■ Work instructions: Starting with the line that has "at a party I" and finishing with the line that has "THE HUNTSMAN CONDOMINIUM - Residential Lease", set down each line below exactly. Pictures are not copied.

■ Short text fragments from websites:
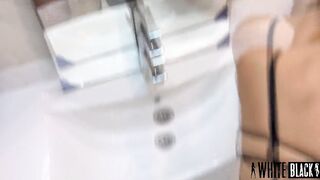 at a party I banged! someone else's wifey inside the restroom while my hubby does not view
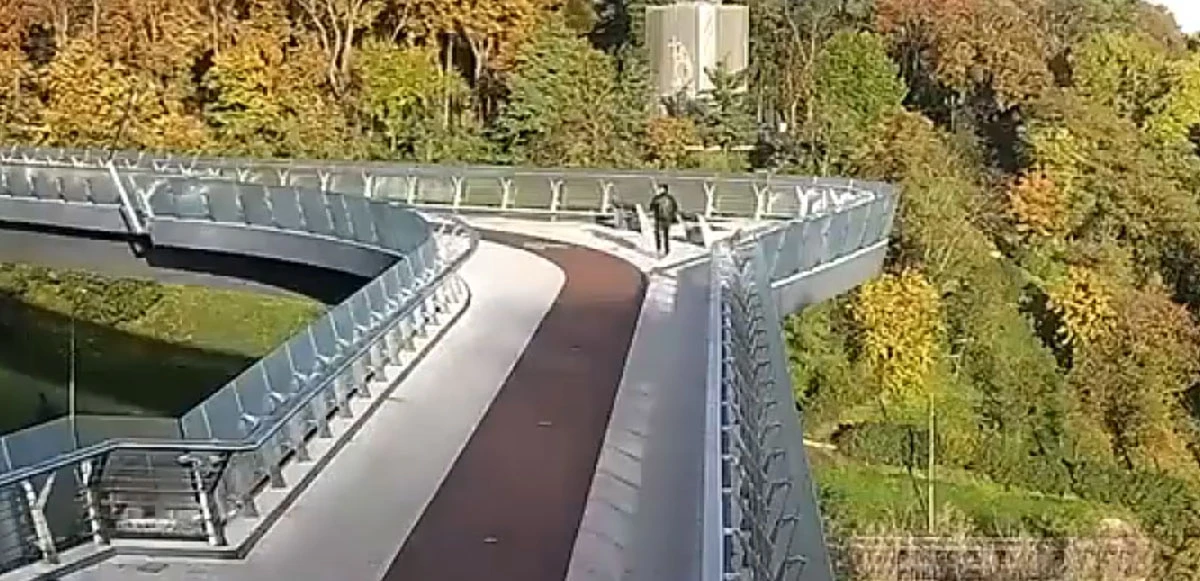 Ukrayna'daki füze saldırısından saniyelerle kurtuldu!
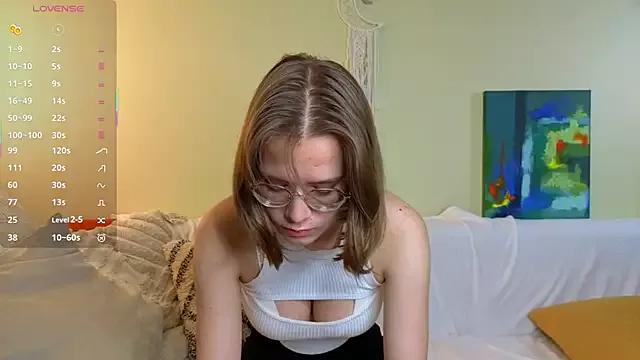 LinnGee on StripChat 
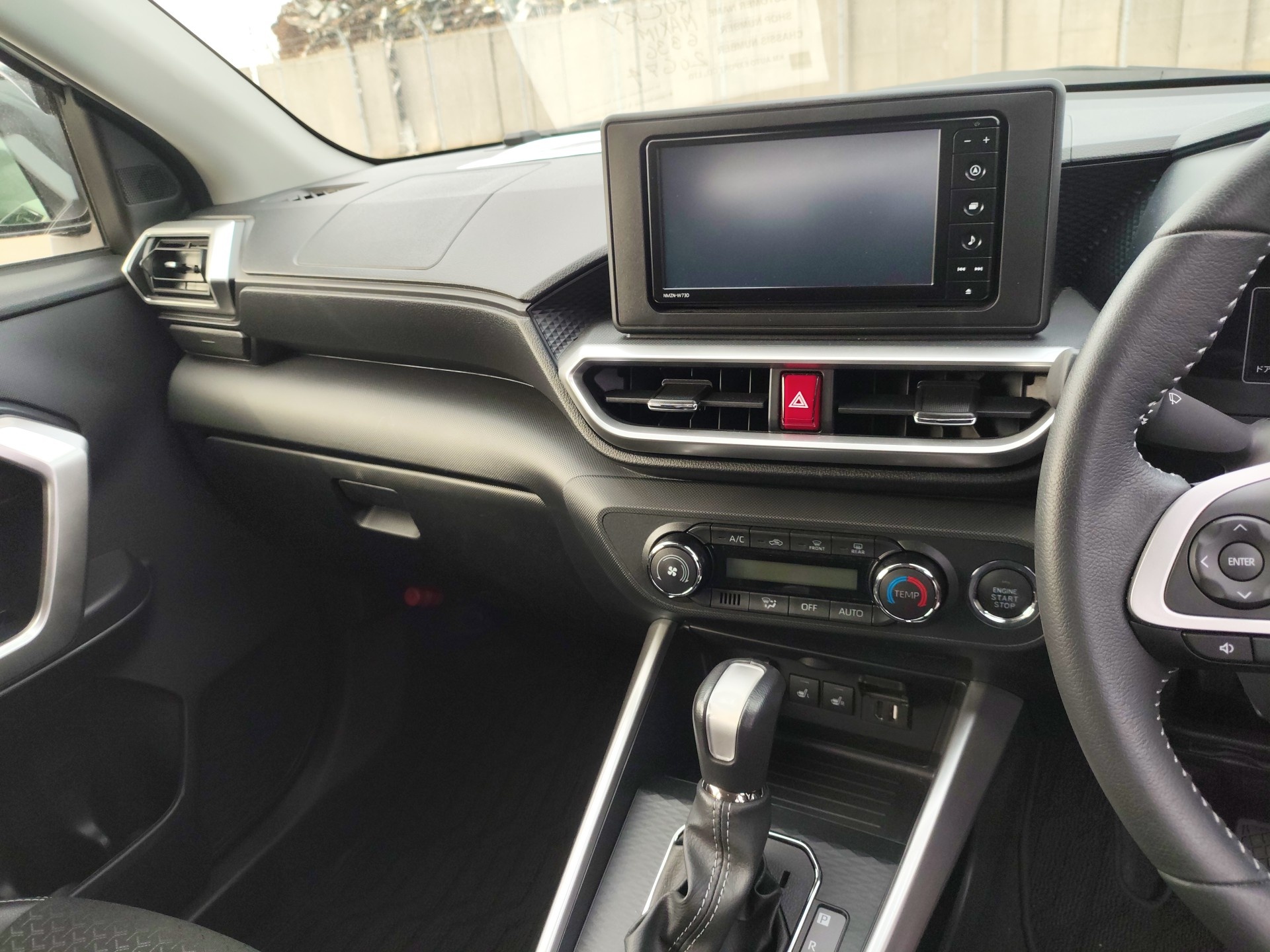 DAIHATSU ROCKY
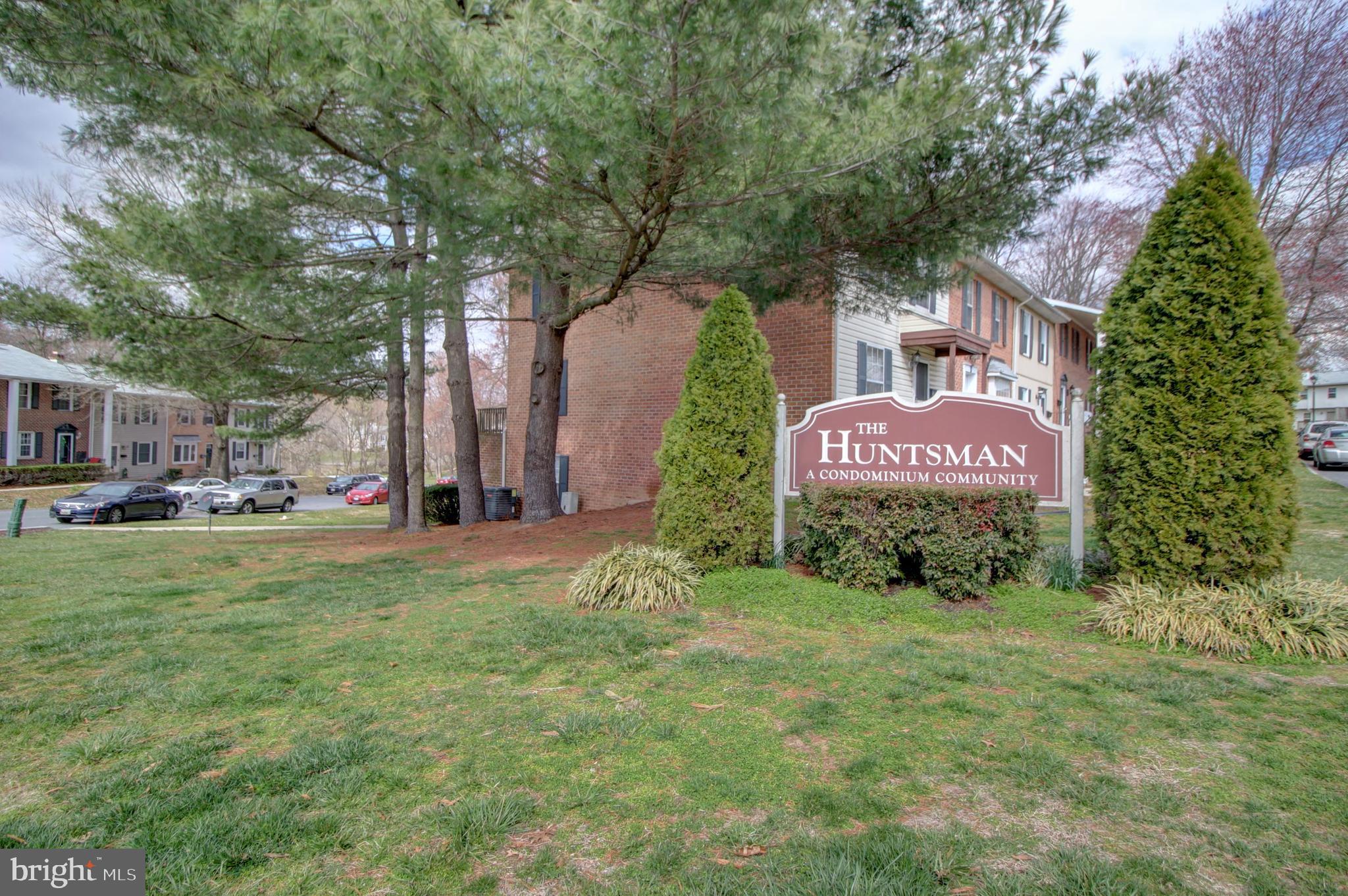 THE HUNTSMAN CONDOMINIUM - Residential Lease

--

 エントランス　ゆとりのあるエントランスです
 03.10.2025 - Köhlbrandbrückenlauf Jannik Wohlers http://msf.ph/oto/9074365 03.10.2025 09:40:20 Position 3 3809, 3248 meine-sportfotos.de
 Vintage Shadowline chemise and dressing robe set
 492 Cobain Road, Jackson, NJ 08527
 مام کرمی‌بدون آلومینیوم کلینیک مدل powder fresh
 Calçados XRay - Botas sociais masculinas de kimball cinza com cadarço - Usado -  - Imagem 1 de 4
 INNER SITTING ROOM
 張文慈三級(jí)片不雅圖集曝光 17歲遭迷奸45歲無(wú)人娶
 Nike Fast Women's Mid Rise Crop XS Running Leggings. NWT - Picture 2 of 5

■ Solution to this exercise:
 at a party I banged! someone else's wifey inside the restroom while my hubby does not view
 Ukrayna'daki füze saldırısından saniyelerle kurtuldu!
 LinnGee on StripChat 
 DAIHATSU ROCKY
 THE HUNTSMAN CONDOMINIUM - Residential Lease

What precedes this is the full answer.